I remembered technique of making water of nothing but coats of Mod Podge by long time Model Railroader Magazine contributor Dave Frary. The effect is stunning and explained on Dave’s Youtube page here: https://www.youtube.com/watch?v=wnOE-qWhGVs

Even though the effect of building up the coast of Mod Podge is amazing, the bottom layer of paint also counts for a lot as well. Again, a lesson for the main layout, but now time to start laying down the layers. As the video states, blotching is key. Thicker layers are better, but tend to cause air bubbles, which destroy the effect.

This is a fun task where you can get a little help from your assistant. You can do at least 1 coat a day, two for the thinner ones.

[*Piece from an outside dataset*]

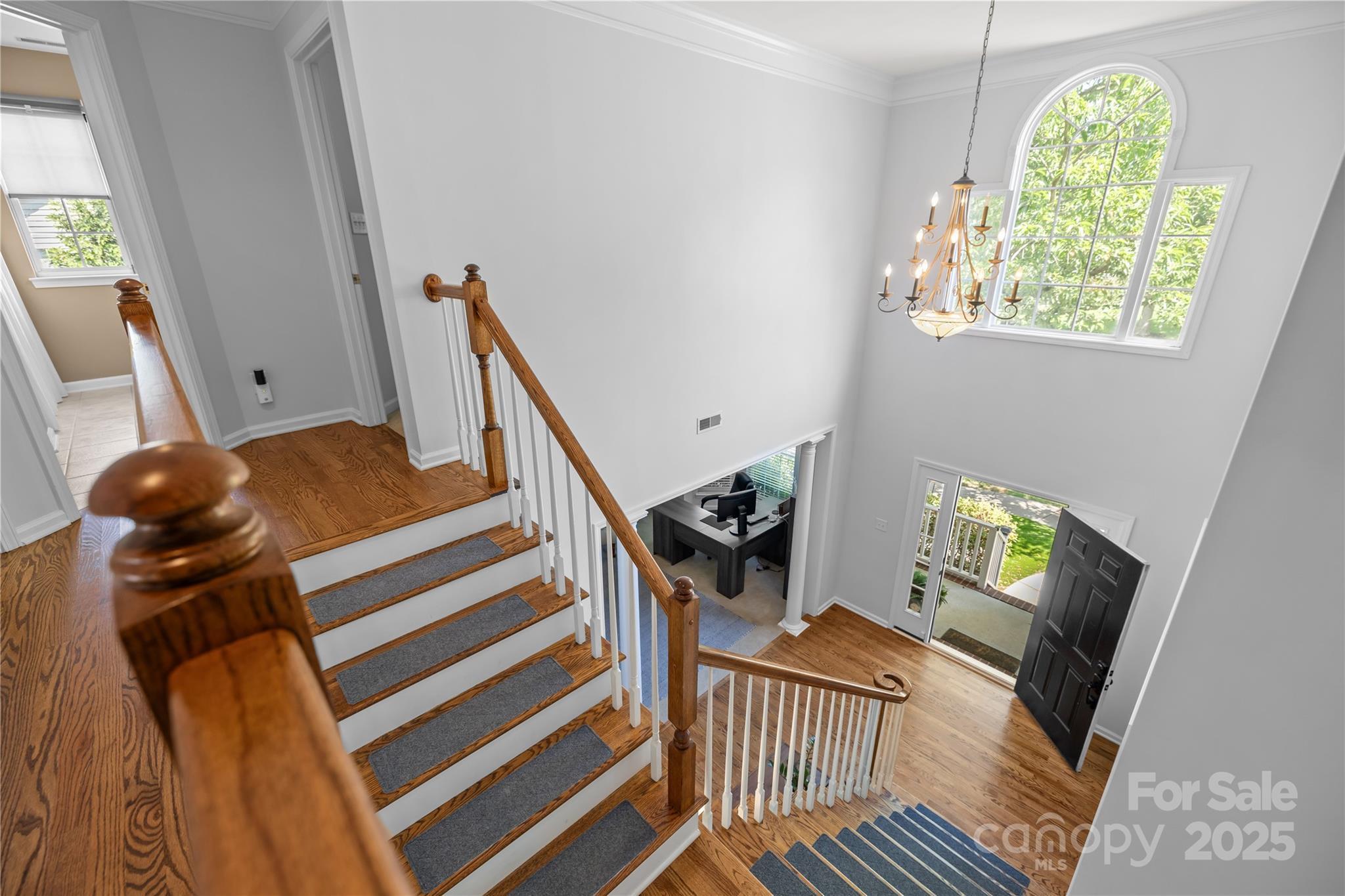Property Photo: 6800 Augustine Way NC 28270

On the backside of the diorama, which is the underground sub station, I started placing in the various elements, The platform and bulkhead are basically finished. I tested coloring the ties white to differentiate the passenger line. I made some other pieces out of sci fi gaming textures from the Internet. I still need to add some details to get a grungy, sci-fi, post apocalyptic feel, as well as a futuristic train or locomotive, low level lighting, and passengers on the platform.


Over on the main layout, it is time to start laying track. I have put in place the cornerstone pieces (basically the switches) which will key the placement of the rest of the track. There will 5 electrical blocks (standard DC block wiring), so I mocked in some curves and identified where the feeders will need to be.